Supermarkets are the most frequented stores by the average American. As a result, injuries caused by store negligence are not uncommon, but neither are illnesses.
Common supermarket accidents often occur from damaged grocery carts, slippery floors, and floor mats. Malfunctioning automatic sliding doors, items falling from shelves, tripping over obstructions on floors, and uneven pavements or tar surfaces in parking lots are also culprits for frequent accidents. Finally, spoiled or tainted foods can also cause food poisoning.
There are countless regulations in the U.S. for ensuring food safety in establishments that sell food, including grocery stores. Supermarket managers and employees must also ensure customers are safe from injuries by removing potential hazards.
Premises liability laws apply to supermarkets with a duty of care, ensuring their property is safe for customers to use and protect them from common hazards.
Seeking Compensation for a Supermarket Injury Claim
The store owner is not responsible for every harm but only for a foreseeable accident. For example, slipping over a forgotten crate is a foreseeable accident. Then again, falling merchandise from an earthquake is unforeseeable.

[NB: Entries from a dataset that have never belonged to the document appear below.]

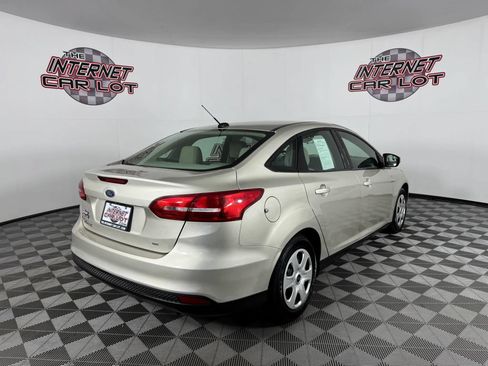 Used 2017 Ford Focus SE FWD image 7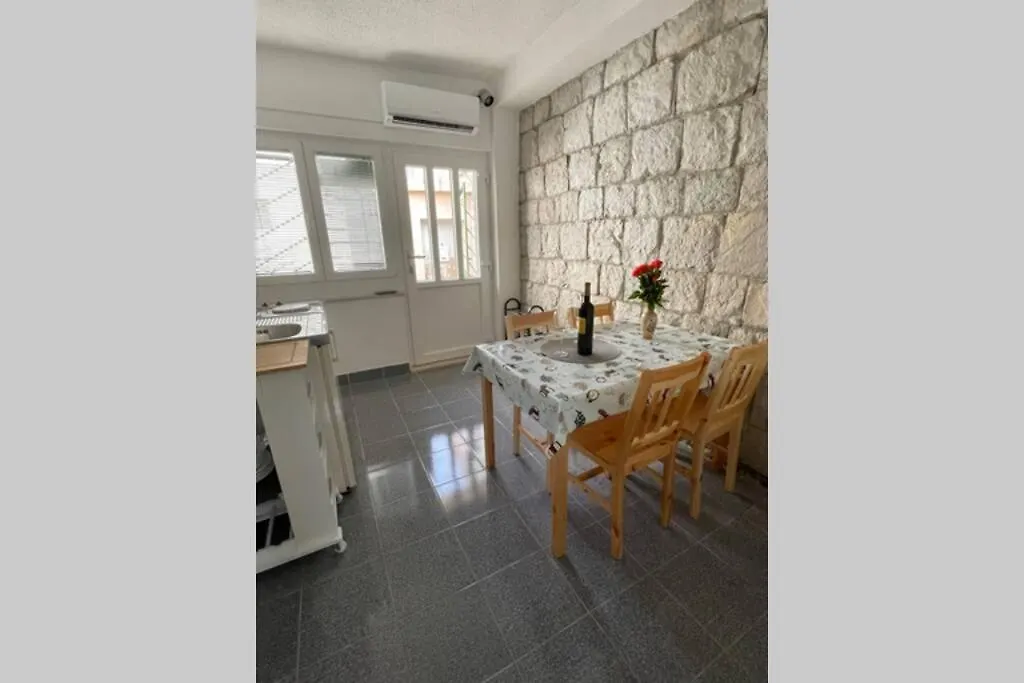 Studio Apartment Marija, With Beaches Nearby Kastela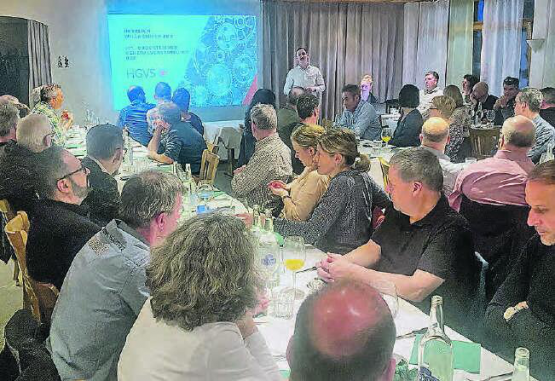 Gut besuchte HGVS-Generalversammlung: Apéro, Unterhaltung und Nachtessen sorgten für ein abendfüllendes Programm. (Bilder aw.)
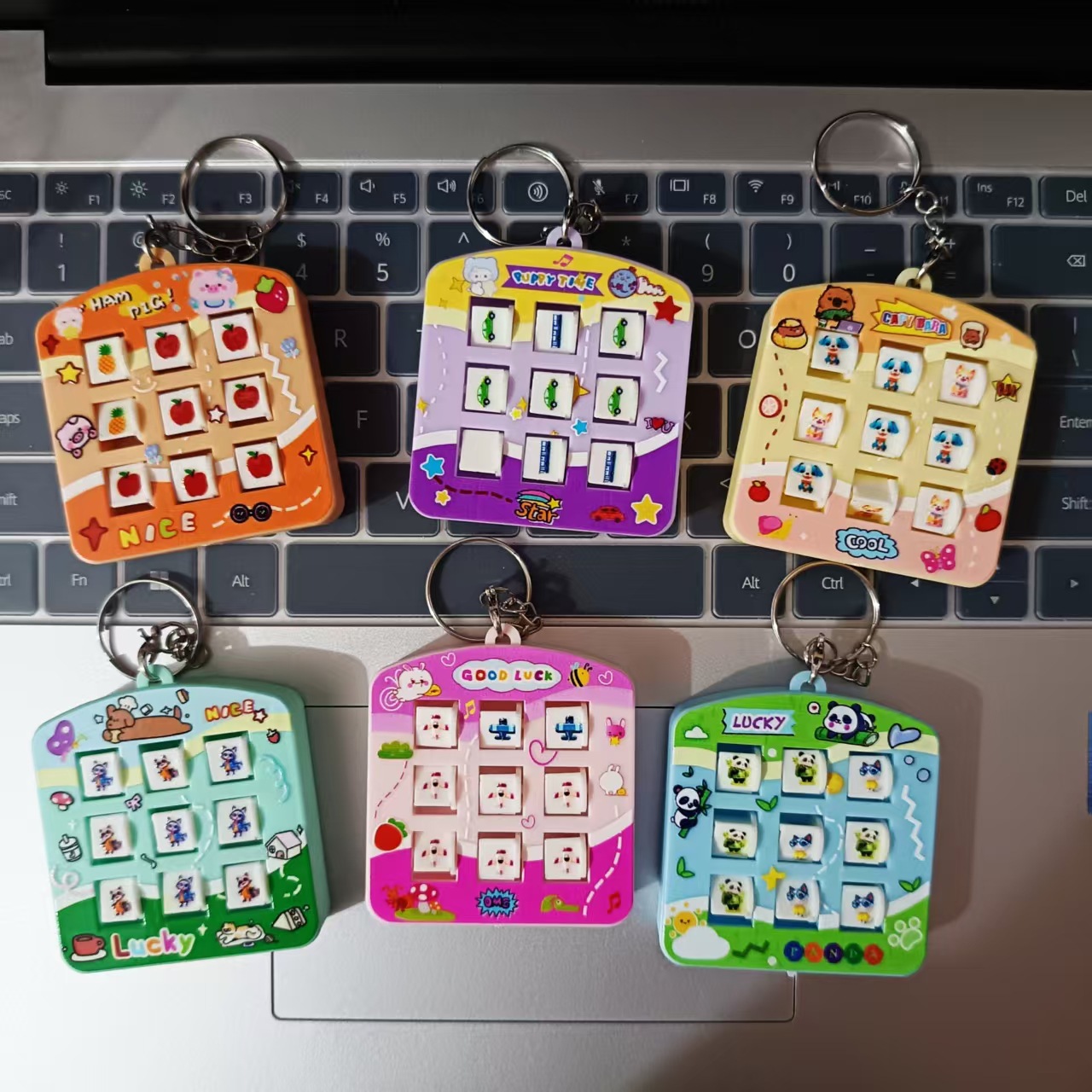 Mini dibujos animados puzzle tic-tac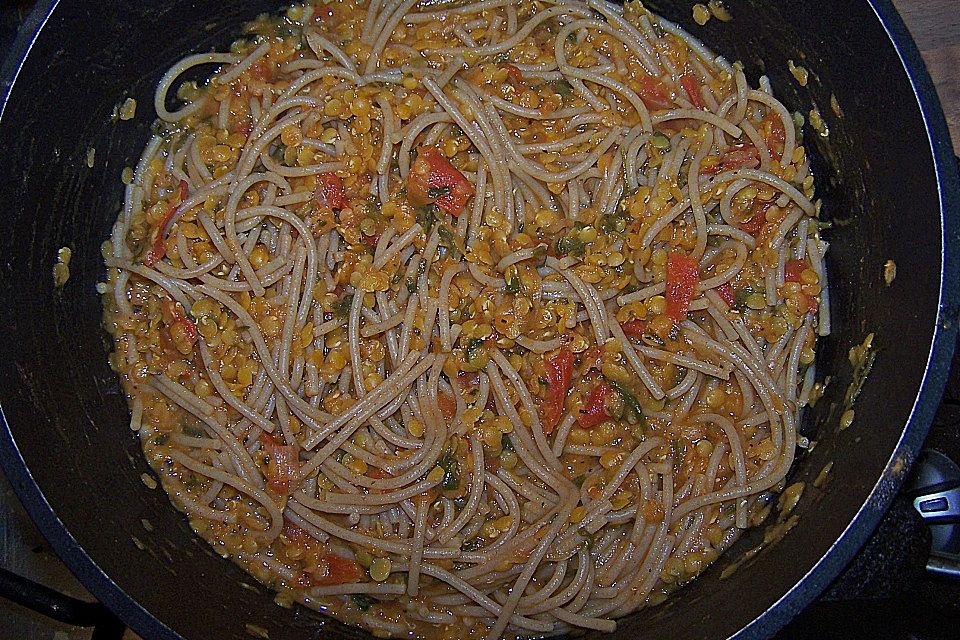 Spaghetti mit Tomaten-Linsen-Sauce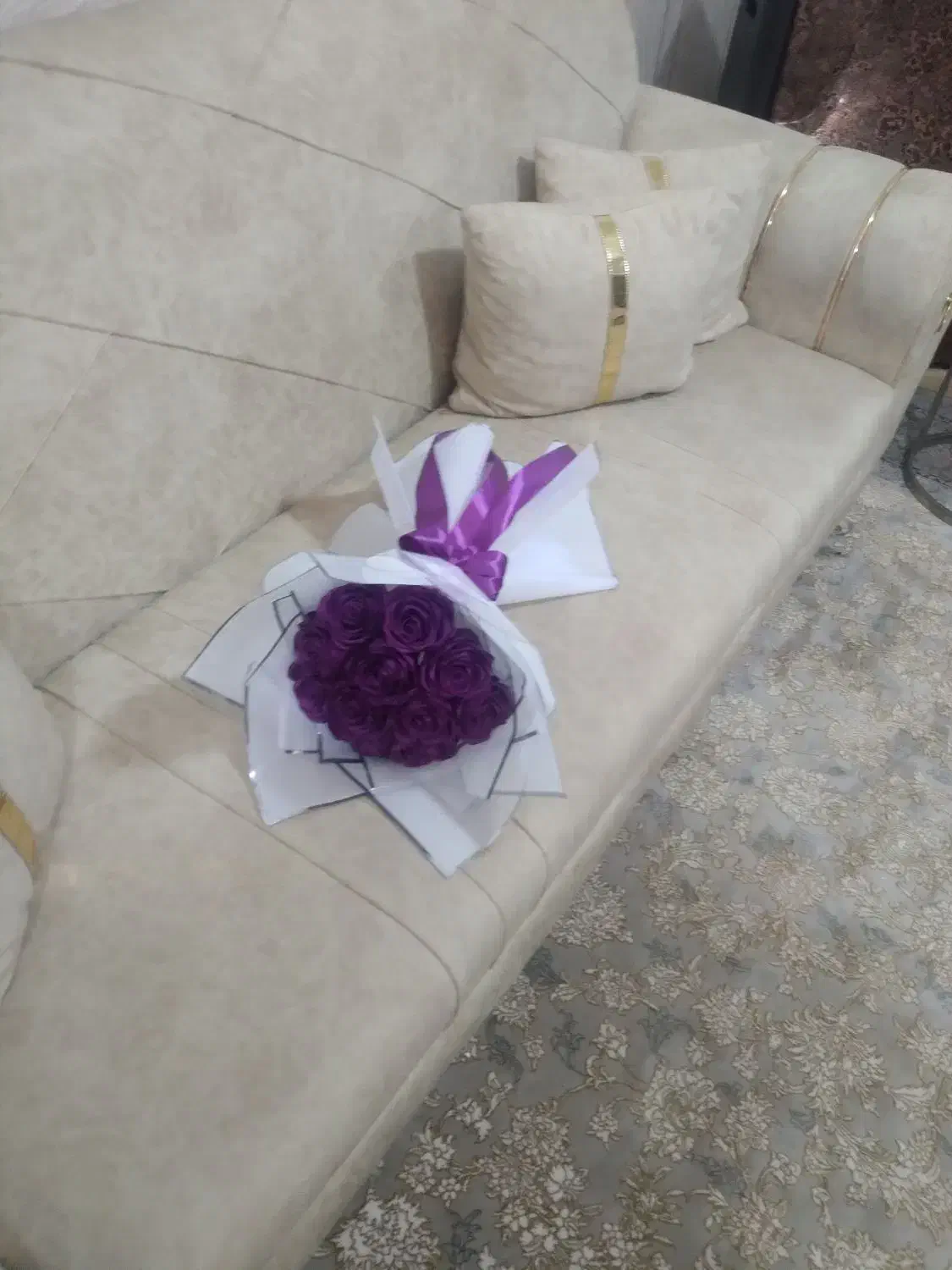 گندمی|گل مصنوعی|دورود, |دیوار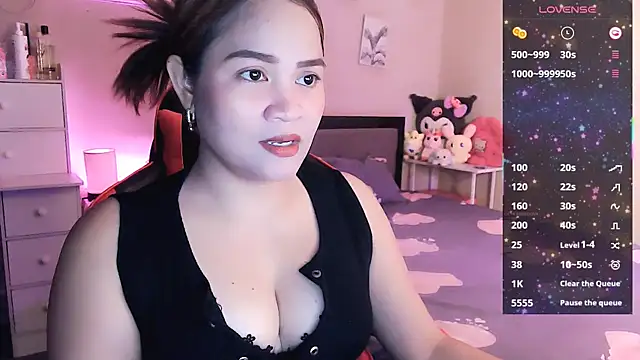 Snapshot of yenyen_ chatting on 05-26-26, 01:23 yenyen online show from 05-26-26, 01:23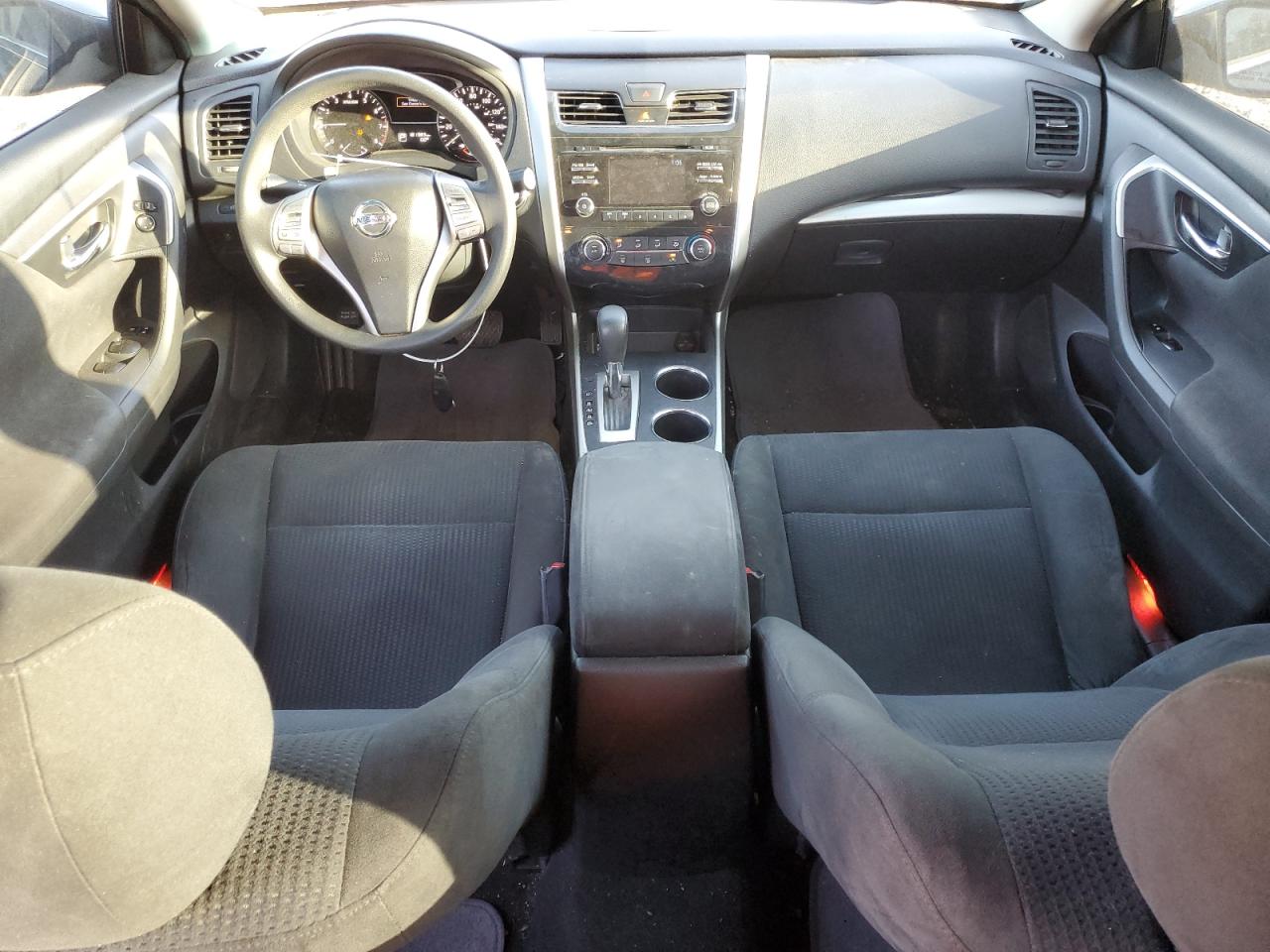 2015 Nissan Altima - Image 8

Store owners must take reasonable care to ensure their stores are safe from everyday hazards. These include removing aisle obstructions, providing correctly placed and undamaged mats, clearing up leaks and spills, etc.
Therefore, negligence or a breach of duty of care places the supermarket in a position where it is liable for any actual and measurable damages to you.
Burden of Proof
After an injury in a supermarket, you need to support your claim with the legal burden of proof. This is how to collect the evidence required:
Report it to the manager
You or another person at the accident scene must immediately call the manager to the scene. Ensure the manager files an incident report if the supermarket is part of a larger chain and gets a copy. The report must include your contact information, the causes of the accident, and the date and time it occurred. Additionally, ask the manager of the store for their insurer’s details.
Get medical care and keep records
Sometimes your injuries may not warrant a call to 911, but you must seek a medical evaluation as soon as you can. Whether you go to your primary care provider or a hospital for the medical assessment, make sure they have the details about how, when, and where your injuries occurred. Also, keep a copy of all the medical reports, medical bills, medicines, and other expenses related to your injuries.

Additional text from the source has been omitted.